== Available data ==
■ ■ ■ ■
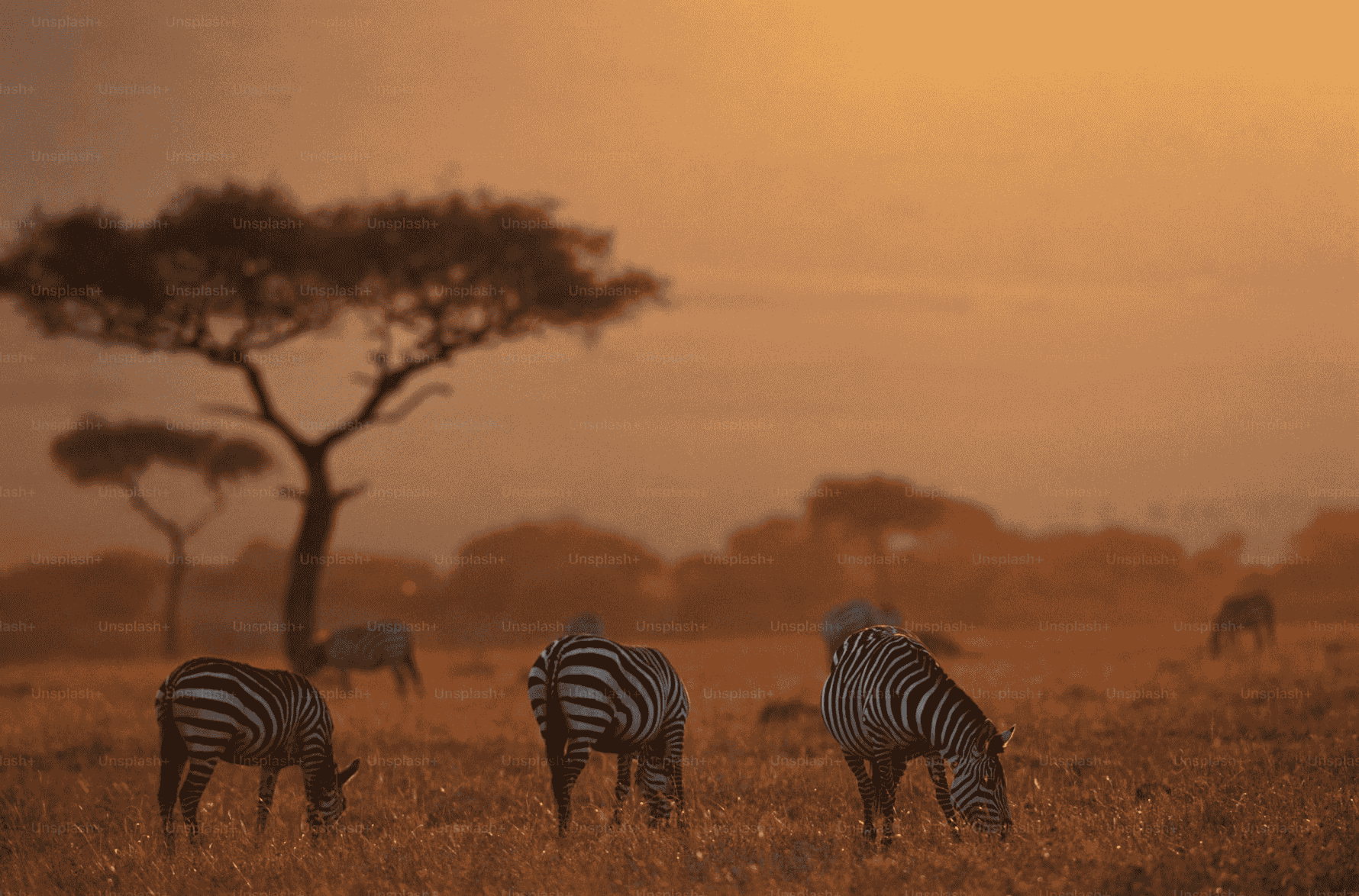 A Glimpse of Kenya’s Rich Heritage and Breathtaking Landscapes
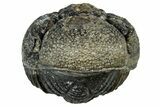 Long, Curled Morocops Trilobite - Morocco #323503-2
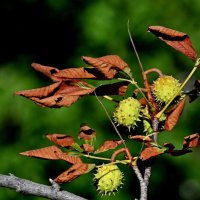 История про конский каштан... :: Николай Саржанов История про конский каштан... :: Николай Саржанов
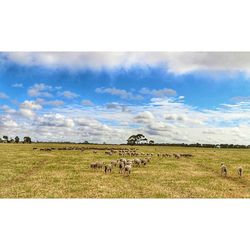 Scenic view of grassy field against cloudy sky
■ ■ ■ ■
== What the task asks ==
The reply should repeat the data in full, exactly as given, and contain no pictures.

== Your response ==
 A Glimpse of Kenya’s Rich Heritage and Breathtaking Landscapes
 Long, Curled Morocops Trilobite - Morocco #323503-2
 История про конский каштан... :: Николай Саржанов История про конский каштан... :: Николай Саржанов
 Scenic view of grassy field against cloudy sky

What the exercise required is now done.